Opinion Number. 1014

Subject

NORTHERN TERRITORY LAWS
AFFIRMATIONS IN LIEU OF OATHS: WHETHER ATHEISTS CAN AFFIRM

Key Legislation

CRIMINAL PROCEDURE AMENDMENT ACT 1866-7 (S.A.), s. 9: PROMISSORY OATHS ACT 1869 (S.A.), ss. 5, 6, 7: AFFIRMATIONS ACT 1896 (S.A.), ss. 2, 3

Date
Client
The Secretary, Department of Home and Territories

The Secretary, Department of Home and Territories, has forwarded, for advice, a memorandum covering a letter from Messrs McCay & Thwaites, pointing out that there is not adequate provision in the Northern Territory for affirmations to be made in lieu of oaths in cases of-

  1. persons required to take oaths of office such as magistrates, jurors, interpreters etc., and
  2. persons required to take oaths on being sworn to affidavits.

The memorandum of the Secretary to the Department is as follows:

Will you be so good as to advise regarding the annexed letter from Messrs McCay & Thwaites. It would appear from an examination of Act No. 671 that the first class of cases referred to is fully met by the phrase 'official oath' in section 2.

  1. As regards the second class the Department is not quite clear as to the meaning of the phrase 'judicial oath' in section 2 and is unable to say whether or not it might be construed to mean an oath to be used in judicial or legal proceedings.
  2. A perusal of section 3 of the Act indicates that affidavits were in contemplation when the law was passed.
  3. Will you advise whether the classes of cases mentioned in the letter are covered by the existing law.

Section 2 of the Affirmations Act 1896 of South Australia provides that all persons may make an affirmation in lieu of taking the oath required by the Constitution Act or any oath of allegiance, official oath, oath of fidelity, or judicial oath.

The oath required by the Constitution Act is the oath of allegiance to be taken by Members of Parliament.

The Promissory Oaths Act 1869 provides that the oath of allegiance and the official oath shall be taken by the Governor and each member of the Executive Council; the oath of allegiance and the judicial oath by the Chief Justice and Judges of the Supreme Court, the Commissioner of Insolvency, Special Magistrates and Justices of the Peace, and the oath of fidelity by members of the Executive Council.

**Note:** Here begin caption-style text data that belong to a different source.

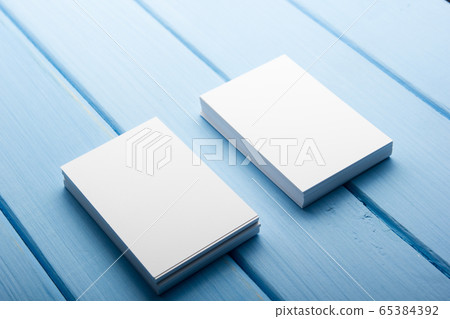 Business card blank on blue wooden background. Corporate Stationery, Branding Mock-up. Creative designer desk. Flat lay. Copy space for text 65384392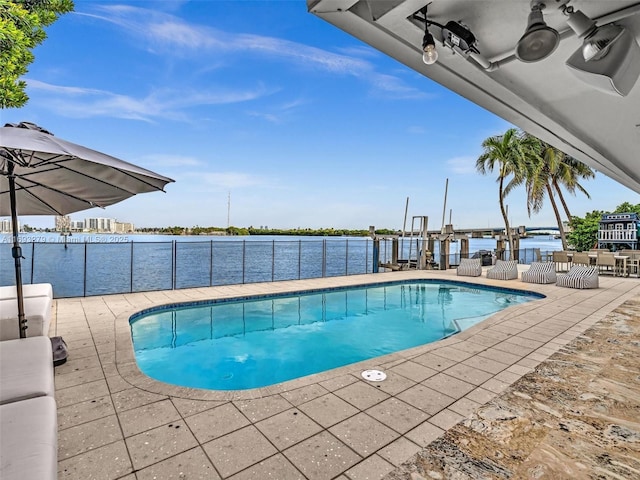 view of swimming pool featuring a patio and a water view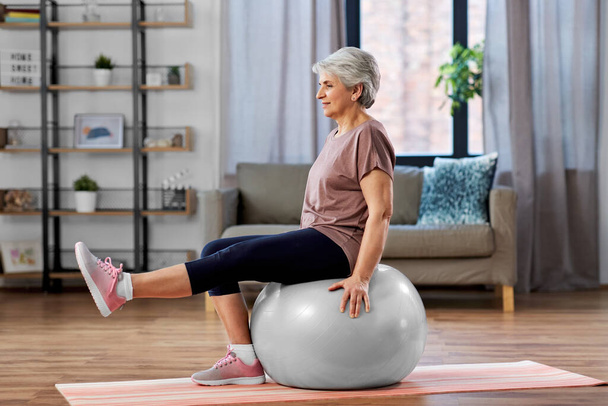 senior woman training with exercise ball at home - Fotografie, Obrázek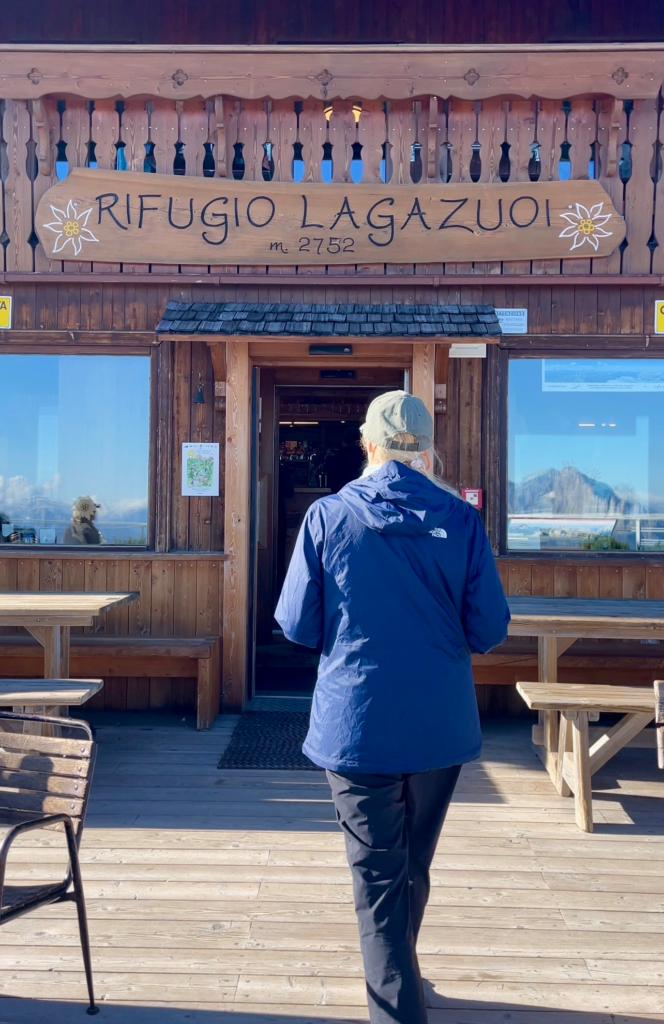 Woman walking toward the wooden Rifugio Lagazuoi entrance sign reading "m. 2752
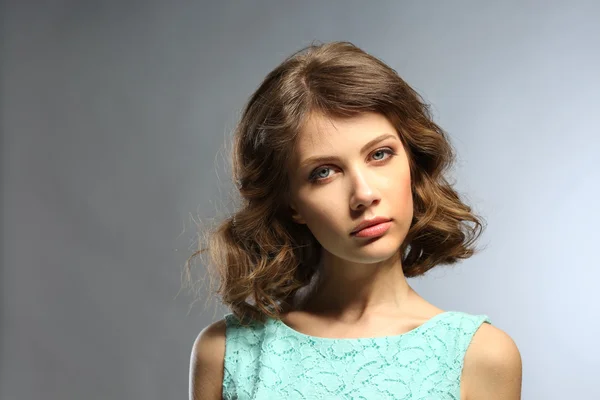 Portrait of beautiful model on gray background — Stock Photo, Image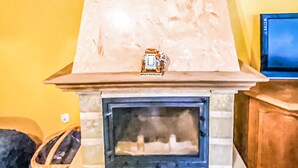A fireplace with a decorative mantel and a television mounted on the wall above it. - Awesome home in Kamionki Male (Kamionki Male)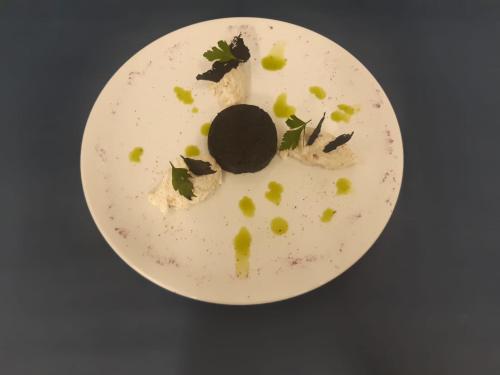 a plate of food with chocolate on it at Hotel Oberdan Ristorante Pizzeria in Concordia Sagittaria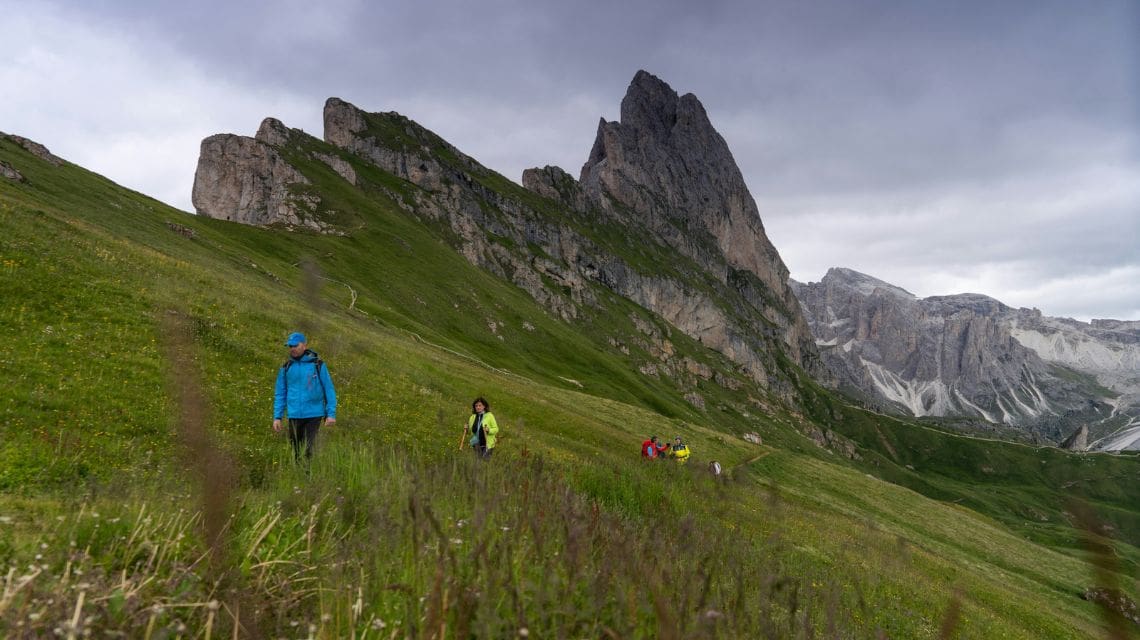 Hikers in vibrant jackets walk along a lush, green mountainside, under a dramatic, overcast sky. A jagged mountain peak looms in the background.
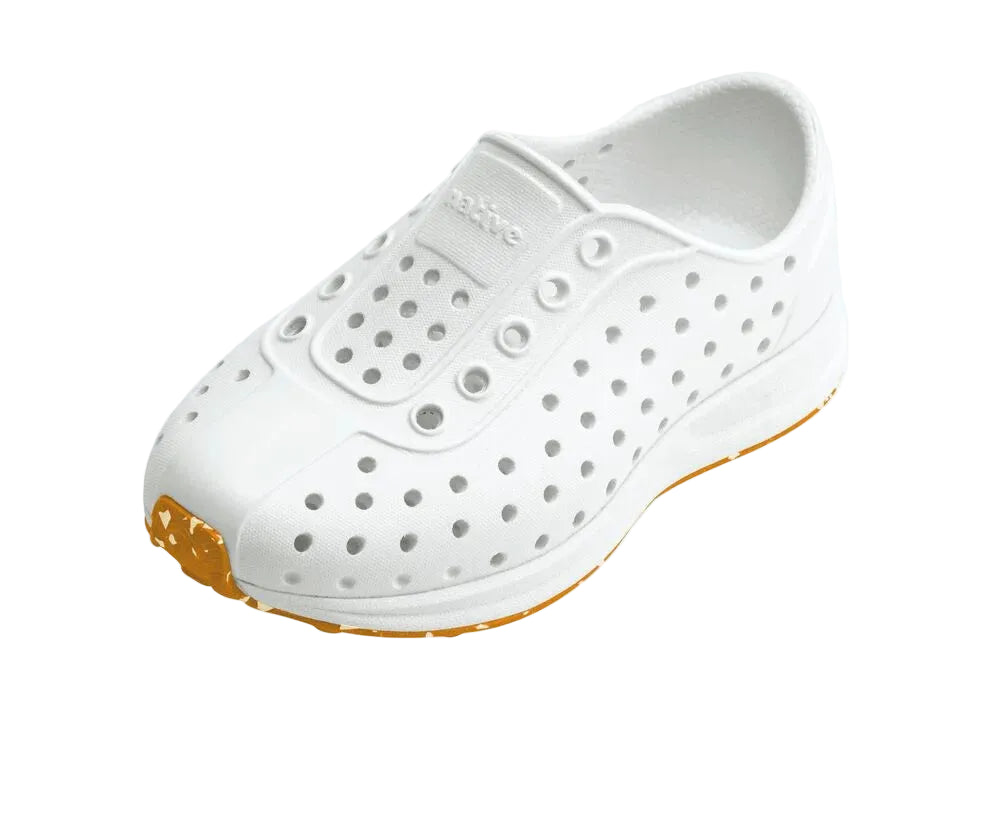White clog shoe with orange sole on a light gray background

The Affirmations Act 1896 therefore only partially covers the class of cases referred to in paragraph (a) above.

Section 3 of the Affirmations Act 1896 does not, I think, provide expressly or impliedly that affidavits may be made on affirmation, but merely provides for the form of affirmations in writing authorised by the Act.

The Criminal Procedure Amendment Act 1866-7 (No. 13), section 9, provides as follows:

9. If any person called as a witness in any Court in the said Province, or required or desiring to make an affidavit or deposition in the course of any proceeding in any such Court, shall refuse or be unwilling, from alleged conscientious motives, to be sworn, it shall be lawful for the Court, or Judge, or other presiding officer or person qualified to take affidavits or depositions, upon being satisfied of the sincerity of such objection, to permit such person, instead of being sworn, to make his or her solemn affirmation or declaration in the words following, that is to say-

I, A.B., do solemnly, sincerely, and truly affirm and declare that the taking of any oath is according to my religious belief unlawful, and I do also solemnly, sincerely, and truly affirm and declare, &c. Which solemn affirmation and declaration shall be of the same force and effect as if such person had taken an oath in the usual form.

An affirmation in the form prescribed by that section can presumably only be made by a person who has a religious belief and therefore not by an atheist, who, apparently, has no religious belief.

I am, therefore, of opinion that the classes of persons mentioned in the letter of Messrs McCay & Thwaites are not adequately covered by the existing law and would suggest that the question of the amendment of the present law to provide for the cases not covered be considered.